*** INFORMATION GIVEN ***

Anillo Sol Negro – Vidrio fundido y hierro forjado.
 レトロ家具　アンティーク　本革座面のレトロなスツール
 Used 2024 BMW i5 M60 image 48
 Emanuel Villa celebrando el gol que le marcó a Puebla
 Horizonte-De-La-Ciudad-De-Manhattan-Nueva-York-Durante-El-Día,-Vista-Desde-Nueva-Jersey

*** End of INFORMATION GIVEN ***

Quote every line of the data, word for word.

YOUR RESPONSE
Anillo Sol Negro – Vidrio fundido y hierro forjado.
 レトロ家具　アンティーク　本革座面のレトロなスツール
 Used 2024 BMW i5 M60 image 48
 Emanuel Villa celebrando el gol que le marcó a Puebla
 Horizonte-De-La-Ciudad-De-Manhattan-Nueva-York-Durante-El-Día,-Vista-Desde-Nueva-Jersey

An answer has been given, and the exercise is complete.